B-Tree | LSM Tree |
---|---|
in-place update | append-only |
optimized for read performance | optimized for write performance |
- RUM Conjecture
- trade-off between Read, Update, & Memory
LSM Trees
- immutable on-disk storage structure
- introduced by Patrick O’Neil & Edward Cheng ‘96
- sequential write, prevent fragmentation, have higher density
Amplification | Source |
---|---|
Read Amplification | From needing to read the duplication from multiple tables |
Write Amplification | From the multiple runs of the compactions |
Space Amplification | From the duplication in multiple tables |
LSM Tree Structure
- memtable
- mutable in-memory
- serves read & write
- triggered periodically or size threshold, flush to disk
- recoverable with WAL
- Two-component LSM Tree
- disk-resident tree & memory-resident tree
- drawback: frequent merge by memtable flush
- Multicomponent LSM Trees
- multiple disk-resident tables (components)
- periodic compaction for several tables
- life cycles
- current memtable: receives writes & serves reads
- flushing memtable: still available for read, but not writable
- on-disk flushing target: not readable, since still incomplete
- flushed tables: available for read as soon as the flushed memtable is discarded
- compacting tables: currently merging disk-resident tables
- compacted tables: created from flushed or other compacted tables
- Deletion
- just remove records from memtable will cause resurrect
- done by delete entry / tombstone / dormant certificate
- range delete: predicate deletes / range tombstones, ex.
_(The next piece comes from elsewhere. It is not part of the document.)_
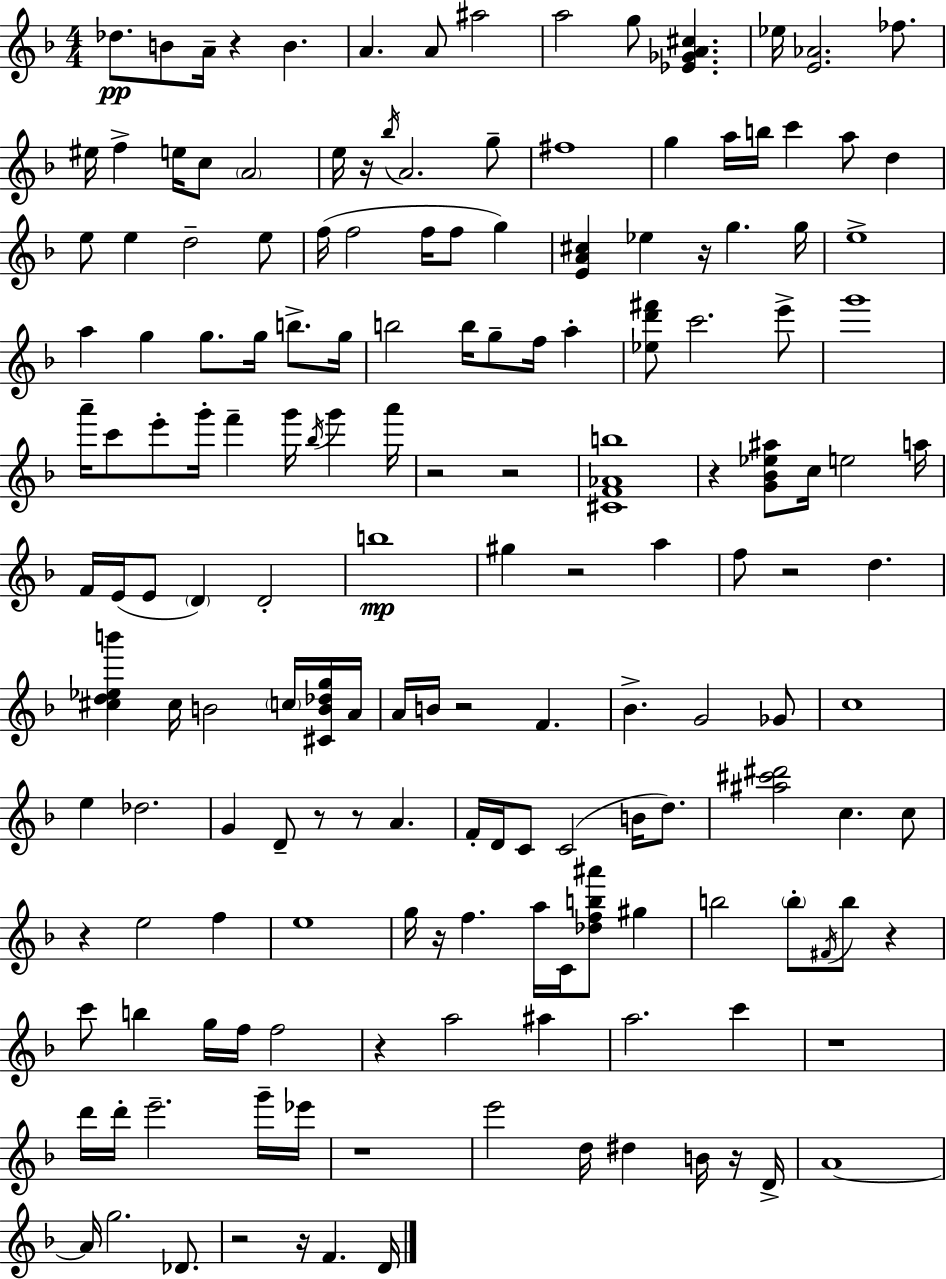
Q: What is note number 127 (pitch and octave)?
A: E6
Cassandra
- Lookups
- from each components, merge & reconcile the contents
- Merge-Iteration
- given a cursor or iterator to navigate through file contents
- use multiway merge-sort / priority queue / min-heap
- Reconciliation
- reconciliation & conflict resolution of the data records associated with the same key
- with records holding metadata, ex. timestamps
Compaction
- Maintenance
- has memory usage upper bond since it only holds iterator heads
- multiple compactions can be executed (nonintersecting)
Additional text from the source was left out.